Donnerstag, 10. November, 15 Uhr
Beginn im Hof der Landesbibliothek (hinter der Landesbibliothek am Pferdemarkt)
Verlauf durch die Peterstraße, über den Julius-Mosen-Platz, durch die Haarenstraße, die Lange Straße, am Schloss vorbei und durch die Elisabethstraße zum ehemaligen Gefängnis in der Gerichtsstraße.

Welche Termine sind wichtig?

seit Mai | Geocache der FOI 12 | https://coord.info/GC6HZ9T

17. Okt. – 11. Nov. | Schulkino im Cine k | www.cine-k.de

3. – 27. Nov. | Stadtmuseum, Villa Francksen |

Ausstellung: „Widerstände gegen den Nationalsozialismus im Münsterland“

4. – 18. Nov. | BBS Haarentor, Pausenhalle |

Schüler-Ausstellung: „Lebens- und Leidenswege jüdischer SchülerInnen der Handelslehranstalten Oldenburg im Umfeld des Nationalsozialismus“

8. – 19. Nov. | Landesbibliothek am Pferdemarkt, Foyer |

Schüler-Ausstellung: „Chemie im Dritten Reich“

(FOS Gesundheit –Klasse 12) sowie „Jüdische Schülerinnen und Schüer der Handelslehranstalten Oldenburg zwischen Verfolgung und Emigration – Ausgewählte Biographien“.

9. Nov. | 17:30 Uhr | Garnisonkirche, Peterstraße 41 | Ökumenischer Gedenkgottesdienst | anschließend Begegnung in der Jüdischen Gemeinde

10. Nov. | 14 Uhr | Garnisonkirche, Peterstraße 41 | Andacht: „Zukunftsweisend erinnern“ – Einstimmung auf den Erinnerungsgang – gestaltet von Schülerinnen und Schülern der BBS Haarentor

10. Nov. | 15 Uhr |

Erinnerungsgang

Start im Innenhof der Landesbibliothek am Pferdemarkt, Ende im Innenhof des ehemaligen Gefängnisses

13. Nov. | 17 Uhr | St. Stephanus-Kirche |

Musik: „Die Würde des Menschen“ – Musik und Texte zum Erinnerungsgang

23. Nov. | 14 Uhr (Schülerkino) & 19 Uhr (öffentliche Premiere mit Regisseurin ) | Casablanca Kino |

„Wir sind Juden aus Breslau.

Überlebende Jugendliche und ihre Schicksale nach 1933“


 

Martin Luther und das Judentum

Fast zeitgleich mit unserer Ausstellung "Katarina Taikon - schwedische Romaaktivistin und Kinderbuchautorin" findet die Ausstellung "Martin Luther und das Judentum" in der Carl von Ossietzky Universität statt. Erfreulich.

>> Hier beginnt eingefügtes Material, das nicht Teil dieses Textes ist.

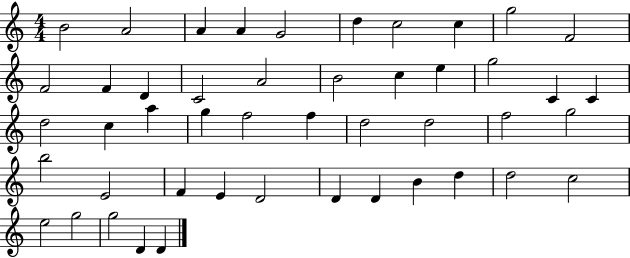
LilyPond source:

{
  \clef treble
  \numericTimeSignature
  \time 4/4
  \key c \major
  b'2 a'2 | a'4 a'4 g'2 | d''4 c''2 c''4 | g''2 f'2 | \break f'2 f'4 d'4 | c'2 a'2 | b'2 c''4 e''4 | g''2 c'4 c'4 | \break d''2 c''4 a''4 | g''4 f''2 f''4 | d''2 d''2 | f''2 g''2 | \break b''2 e'2 | f'4 e'4 d'2 | d'4 d'4 b'4 d''4 | d''2 c''2 | \break e''2 g''2 | g''2 d'4 d'4 | \bar "|."
}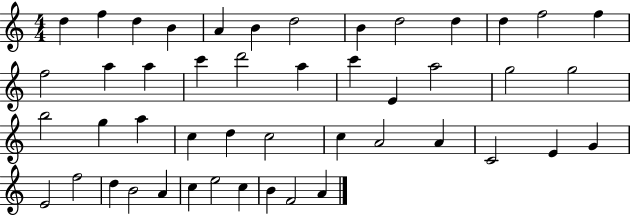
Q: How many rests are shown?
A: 0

Es wird hoffentlich nicht weitere 500 Jahre dauern, bis die Geschichte des Feindbildes "Zigeuner" bei Luther aufgearbeitet wird und die jetzt noch zu spürenden Folgen verringert werden. Hier ein Artikel von Miriam Breß

1. bis 17. November 2016 –

Ausstellung Martin Luther und das Judentum – Rückblick und Aufbruch

an der Carl von Ossietzky Universität Oldenburg im Foyer des Hörsaalzentrums, Uhlhornsweg 86,
Täglich 9 bis 20 Uhr (außer an Sonntagen)

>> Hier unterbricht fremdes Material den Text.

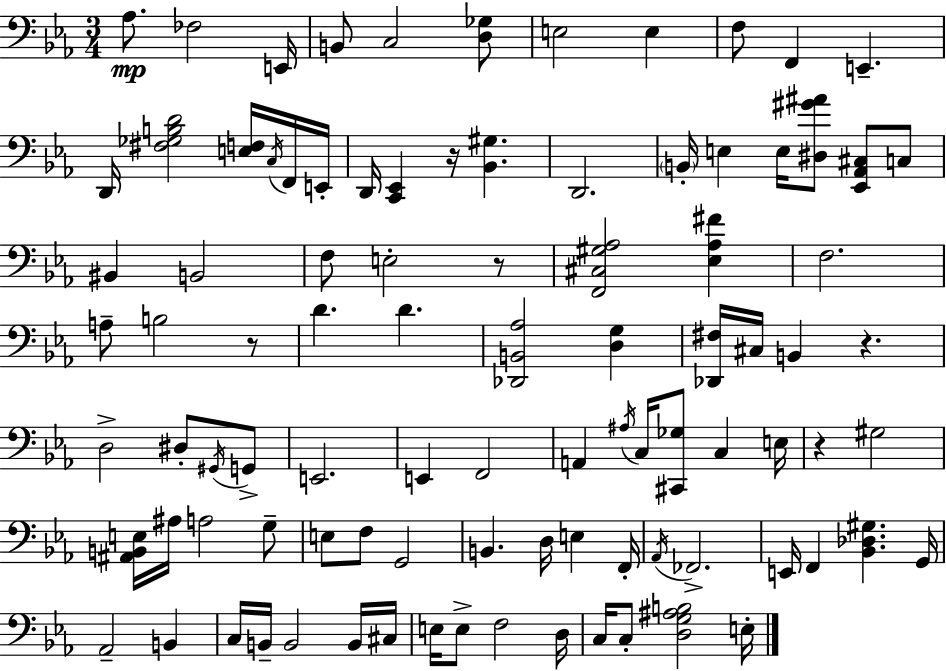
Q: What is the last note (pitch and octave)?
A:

Martin Luther hat ein schwieriges Erbe hinterlassen. In der Anfangszeit der Reformation hat er dafür plädiert, die Juden menschlich zu behandeln. Später hat er sie unerträglich geschmäht und die Anwendung von Gewalt gegen sie gefordert.
Auch sein übriges Schrifttum lässt keinen Raum für jüdisches Leben. Alles Licht fällt auf die Seite des Evangeliums, alles Dunkel auf die jüdische Seite, symbolisiert vom Gesetz ohne Gnade.
Lucas Cranach und seine Schule haben diese Auffassung Luthers auf vielen Bildern umgesetzt. Durch Wort und Bild ist seine negative Sicht der Juden durch die Jahrhunderte hin wirksam geworden. Das jüdische Selbstbild blieb bedeutungslos, obwohl Jesus, wie Luther anfangs betonte, „ein geborner Jude“ war.
Erst nach dem Holocaust haben die evangelischen Kirchen begonnen, sich dem lastenden Erbe von Luthers Judenfeindschaft zu stellen. Hier reiht sich die Ausstellung ein. Sie wird von der Evangelischen Kirche Berlin-Brandenburg-schlesische Oberlausitz und dem Touro College Berlin getragen. Auf ihren Tafeln erhalten jüdische und christliche Perspektiven Raum.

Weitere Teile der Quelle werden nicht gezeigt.